Welcome to the boards, Emjones.
Ultimately, a word like bisexual -- or any other word to describe what we call our sexual orientation and/or identity -- is just a word we decide to use to describe one part of ourselves. Whatever word or words we choose are ideally just about those words feeling like they describe that part of us decently.
So, this stuff is never a matter of someone else telling you who or what you are, or about a term that will describe you forever and ever, through all your life. It's just about choosing a word for what you know so far and what feels the most right right now.

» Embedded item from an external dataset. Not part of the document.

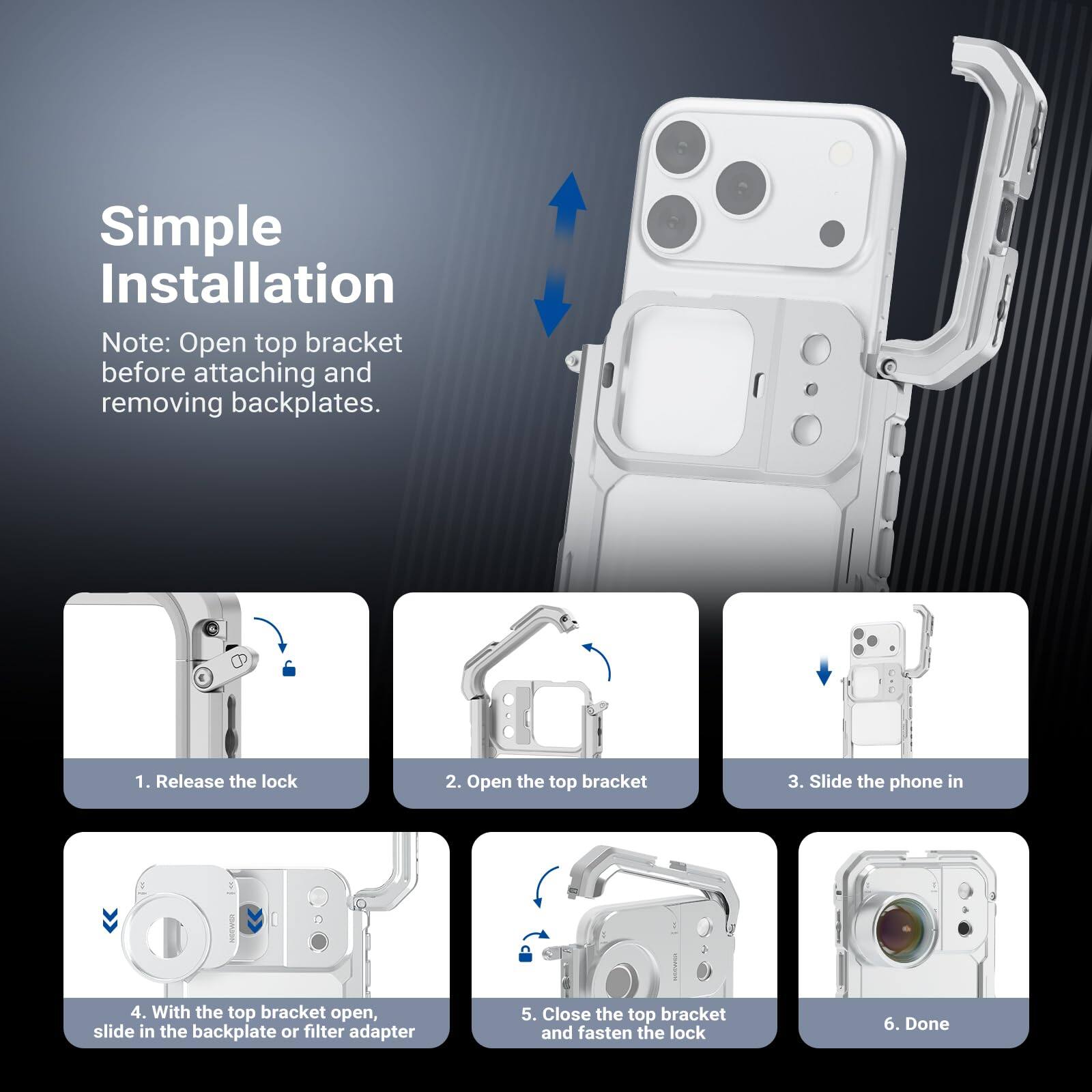 Simple Installation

If you aren't sure a word fits you, or doesn't yet, or you don't want to use it, or use it yet, then that's just not the word for you, which is fine. You don't have to have one, or a certain one, and "I don't know yet," is a perfectly acceptable chain of words for not knowing yet or feeling sure about it.
But we usually feel more scared of or impatient about that then we probably should because of other things, namely social issues of various kinds.
It might help to just start with one area of this and ask yourself what you feel having a word for this part of your sexuality will give you. Sometimes when we do that, we can find things a word wouldn't have given us anyway, and things we can get without having a word or having one specific word.
Get what I mean? If it feels like you HAVE to know right now (even though you don't), why does it? What do you think a word, or a given word, would give you that feels so urgent?